Romanian privacy law does not apply in any case to public officers, such as Liana Iacob. The latter had the status of a public officer under law 188/1999 and Law 7/2004 as counsellor to the then Prime Minster, involved in NATO and Israeli relations. Under those laws, principles of transparency and priority of public interest apply. The conversation between Mr. Katz and Ms. Iacob is of the highest public interest since it involved EDF’s business at Romania’s largest airport and, more importantly, a request for a bribe on behalf of the Prime Minister was involved, so that the matters discussed are by no means of a private nature even if the conversation occurred at Ms. Iacob’s house. It cannot be considered a "private conversation", Professor Mateut’s interpretation of this notion was striking and "would considerably contribute to the immense corruption problems Romania claims to be fighting" (Response of August 12, 2008, point 12).
According to Claimant, the submitted recording is a genuine audio recording that does not show any sign of manipulation. As stated by Mr. Groninger, Claimant’s expert on authentication of audio and video recordings, the recording in question was made by an analogue microcassette recorder together with a body-worn microphone on the male speaker located around the chest area. The entire recording appears to have been produced in the same environment and all segments are most likely in the correct temporal order as presented in the recording. There is no evidence of digital editing and apart from the first segment and the end of the last segment having been removed, it appears to be continuous. According to Professor French, the other expert for Claimant, one of the most renowned forensic phonetic experts, the male and female voices on the recording are "highly distinctive" to those respectively of Mr. Katz and Ms. Iacob, and there is nothing to suggest that the recording is "anything other than a unitary and coherent interaction between the parties involved". Professor Broeders, who has negatively commented upon Professor French’s speaker comparison method, has himself used for many years a similar method. In his Reply Report of August 12, 2008, Professor French confirms his previous conclusion that nothing appeared in other areas of the material suggesting that this is anything other than a unitary interaction.
Claimant maintains further that there is no rule of "minimally acceptable evidence"" in ICSID arbitration, it being within the Tribunal’s discretion which evidence to admit. It would violate the parties’ fundamental right to be heard if vital evidence is excluded on the basis of an anticipated evaluation of the evidence without examining its substance. As stated by the President of the International Court of Justice in the South-West Africa Cases, the admission of evidence does not preclude the free appreciation of that evidence by the Tribunal. Only under certain limited circumstances may Tribunals determine that evidence is not admissible, for example in case it is unduly burdensome, duplicative or obviously irrelevant. The audio recording is neither burdensome, duplicative or obviously irrelevant, nor did Respondent suffer from any procedural disadvantage.
For all the foregoing reasons, Claimant maintains its request that the submitted audio recording be admitted into the evidence of this arbitration.
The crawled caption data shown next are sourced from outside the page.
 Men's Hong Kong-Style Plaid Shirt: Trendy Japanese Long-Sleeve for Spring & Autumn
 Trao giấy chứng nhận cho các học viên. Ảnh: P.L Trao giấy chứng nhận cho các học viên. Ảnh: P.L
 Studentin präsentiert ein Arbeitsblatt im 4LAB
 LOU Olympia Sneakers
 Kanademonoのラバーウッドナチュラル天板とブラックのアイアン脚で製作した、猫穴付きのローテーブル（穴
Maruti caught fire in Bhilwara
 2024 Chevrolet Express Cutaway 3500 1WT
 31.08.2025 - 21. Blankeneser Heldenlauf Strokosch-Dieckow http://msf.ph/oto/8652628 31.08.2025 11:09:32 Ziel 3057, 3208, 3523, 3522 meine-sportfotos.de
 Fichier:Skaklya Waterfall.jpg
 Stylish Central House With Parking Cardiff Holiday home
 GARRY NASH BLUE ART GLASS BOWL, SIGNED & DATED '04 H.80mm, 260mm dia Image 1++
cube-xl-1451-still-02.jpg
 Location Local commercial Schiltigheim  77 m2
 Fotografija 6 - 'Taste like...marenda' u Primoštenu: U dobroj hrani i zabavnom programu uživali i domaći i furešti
In the Tribunal’s view, each Party has had a full opportunity to present its case on the admissibility of the New Evidence. The filing of four full submissions authorised by the Tribunal (supra, para. 3), along with fact and expert witness statements, has made it possible for both Parties to develop fully their arguments and to produce evidence regarding the various issues involved in Claimant’s request. No useful purpose would be served by having the same issues debated again at the hearing, the Tribunal being in a position to render its decision on the basis of the Parties’ arguments and evidence.
Proving corruption is a challenging task in the absence of admission of liability by the accused person. It is therefore required that every effort be made by the party raising a charge of corruption to substantiate its claim. The party raising the charge has, indisputably, the burden of proof.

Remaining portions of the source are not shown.